– А зачем лед? – вытянула шею Машенька, рассматривая грелку со льдом на своем животе.
– Чтоб кровь не шла, и животик не болел.
– А он и так не болит.
Побыв с семьей еще минут десять и убедившись, что с его девушками все полном порядке, Орлов отправился в ординаторскую писать историю болезни. Семен Игоревич стоял у распахнутого настежь окна и нервно курил, выпуская едкий серый дым на спящую улицу. Яркий лунный свет от широкого месяца освещал его попыхивающее сигареткой лицо.
– Ты чего без света стоишь? – спросил Василий Яковлевич, щелкнув выключателем.
– А чтоб комары не летели. Они, кровососы, на свет знаешь как летят?
– Ты бы шел курить в другое место, а то здесь и так дышать нечем.
– Извини, Иваныч, нервы, – виноватым голосом ответил Топорков, гася окурок. – Не каждый день, знаешь, приходится давать наркоз отцу, оперирующему своего собственного ребенка. Я вот тут думал, и никак не смог вспомнить, чтоб кто-то из великих так поступил. Да и просто из известных мне лично хирургов.

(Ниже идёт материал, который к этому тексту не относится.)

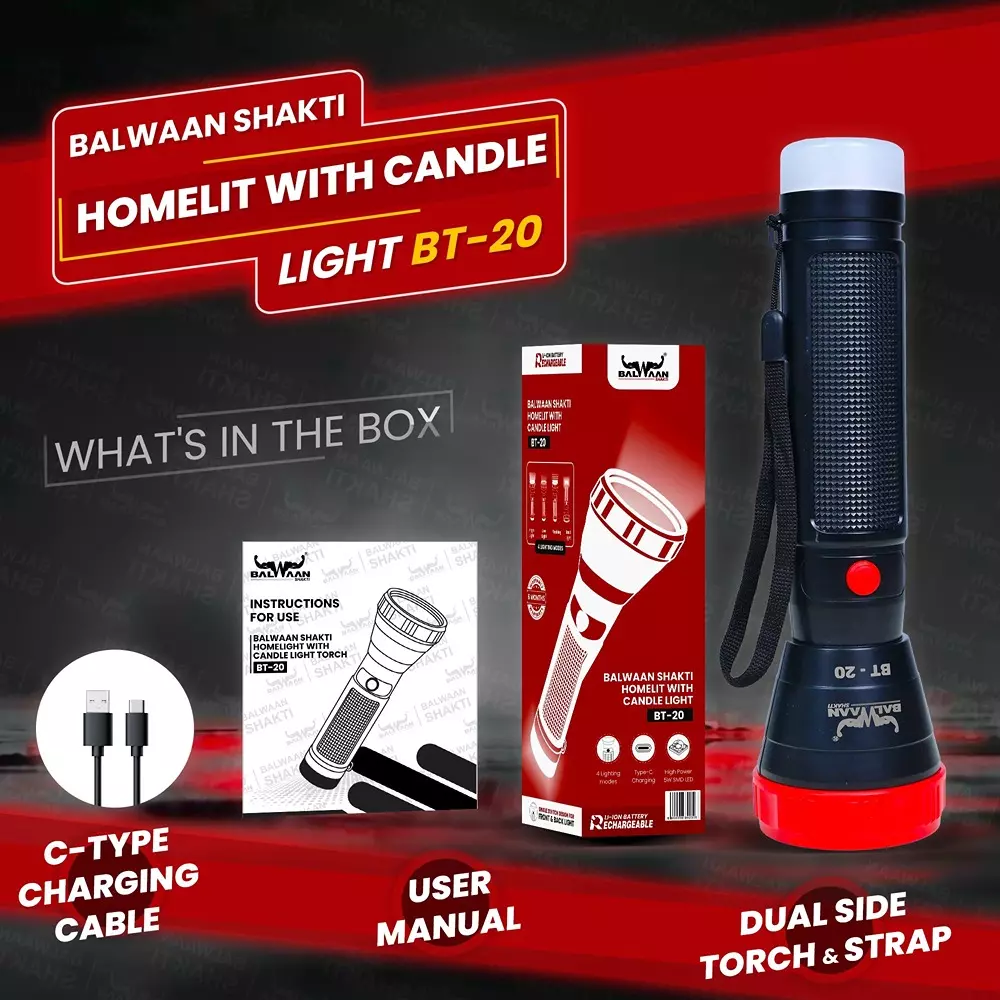 balwaan-shakti-homelit-with-candle-light-torch-37-v-li-ion-2000-mah-battery-and-fast-c-type-charging-bt-20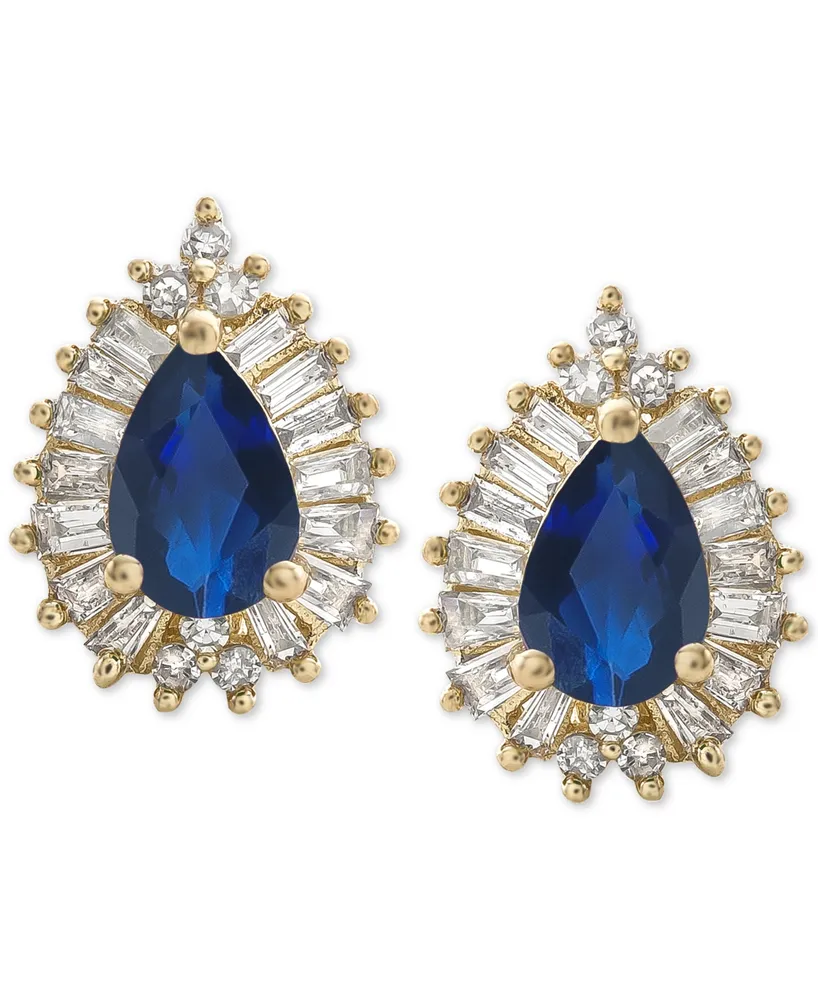 Sapphire (1 ct. t.w.) & Diamond (1/3 ct. t.w.) Stud Earrings in 14k Gold (Also Available in Ruby & Emerald)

А ты слышал?
– Я тоже думал над этим, – оторвался от бумаг Орлов, – мне не известны хирурги, оперировавшие своих собственных детей. Знаю только, что Бильрот оперировал свою маму.
– Это какой Бильрот? Тот, что резекцию желудка предложил?
– Ну, предложил не он. До него уже пытались выполнить эту операцию Пеан и Редигер. Однако, больные у них умерли. А Теодор Бильрот первым выполнил удачную резекцию желудка, включая свою мать.
– О как?! Это за что же он так старушку-то невзлюбил?
– У нее был рак выходного отдела желудка со стенозом. Не могла есть. Он сделал ей операцию у себя дома ночью под хлороформным наркозом и тем самым продлил жизнь почти на год.
– Круто? А что его ночью да еще дома приспичило оперировать? В больницу-то слабо было отвезти? Он же там какой-то крутой профессор был.
– Крутой. У него своя клиника в Вене имелась, много учеников. Сложно сказать, что его сподвигло на такой, скажем прямо, категорический шаг.
– А может, это все байки? Ты откуда такую информацию почерпнул?
– Возможно, и байки. Читал где-то. А где точно читал – сейчас вот не вспомню. Он и Пирогова консультировал, когда тот раком заболел, и Некрасова лечил, когда тот от опухолевой непроходимости погибал. Специально приехал для этого из Вены на поезде в Санкт-Петербург.
– То же ночью прооперировал?
– Об этом история умалчивает. Известно, что у Некрасова была стенозирующая опухоль прямой кишки. Кал почти уже не отходил, опухоль перекрыла просвет органа, проросла в крестец. Поэт жестоко страдал: мало пил, почти ничего не ел, живот раздуло как барабан. Лечившие его доктора как-то умудрялись заводить эластичный зонд в кишку выше опухоли, опорожняли ее и на время приносили облегчение больному. Николай Алексеевич долгое время отказывался от операции. Когда совсем стало невмоготу, пригласили Бильрота.